If stock prices are Sleep Numbers, it's been years since Select Comfort (SNBR -0.08%) has been this soft. Shares of the maker of air-chambered beds plunged 24% last week, hitting a fresh four-year low after posting brutal financial results for the holiday quarter. 

Net sales plummeted 33% since the prior year to $215 million, weighed down by a 30% plunge in comps. That's a pretty steep store-level free fall in sales, but Select Comfort insists that hiccups in its enterprise software implementation accounted for the lion's share of that decline. It is pegging $84 million in lost sales on the bumpy migration to its new enterprise resource planning -- or ERP -- platform, a sum that would explain away 26 percentage points of the slide in net sales.  

Select Comfort isn't the first company to warn that it lost on a ton of sales because the shift to a new enterprise software system resulted in inventory shortfalls of what customers wanted to buy. However, the move is sometimes a sign of worse things yet to come. Lumber Liquidators (LL -3.80%) had an ERP failure in late 2010. The hardwood flooring retailer blamed its lack of productivity on the move. Lumber Liquidators eventually bounced back, but today the stock has a deeper sales problem. Lumber Liquidators stock is now trading lower than it was after the initial ERP failure fallout.

You know who else has botched an ERP shift? Select Comfort. It also happened to the company behind the Sleep Number beds and stores in 2008. Fool me twice?

Naturally things got even uglier on the way down to Select Comfort's bottom line. It posted a larger-than-expected quarterly loss. This explains why the stock hasn't traded this low since late 2011.

This shouldn't come as a surprise to investors watching Select Comfort. This is the third time in the past four years that Select Comfort stock suffered a double-digit percentage decline after posting poorly received holiday quarter results. The software disruption may have had a starring role this time, but it seems to be a mostly recurring event. 
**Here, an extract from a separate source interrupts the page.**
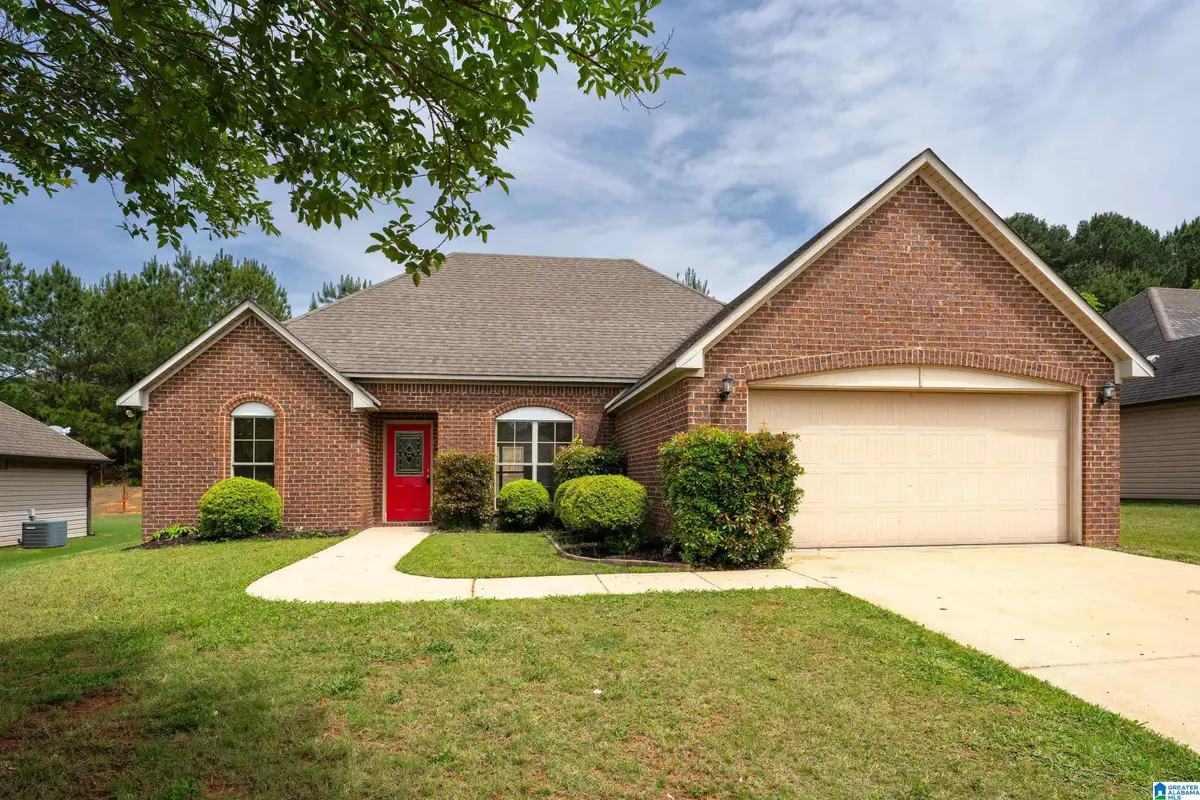 5212 MEADOW LAKE CIRCLE, Bessemer, AL 35020 - #1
Select Comfort sees healthy top-line growth in fiscal 2016, as well as a big rebound in profitability off of last year's depressed results. The low end of the projected profit range may be what it earned in 2014, but the stock is also trading a lot lower than it is right now. If Select Comfort can live up to those forecasts -- a tall order for a company with a product that would've suffered a holiday sales decline anyway -- it will bounce back. The stock is fetching just 11 to 12 times Select Comfort's year-ahead profit outlook, making it a bargain unless there's a larger consumer trend shifting away from Sleep Number as a bedding product of choice.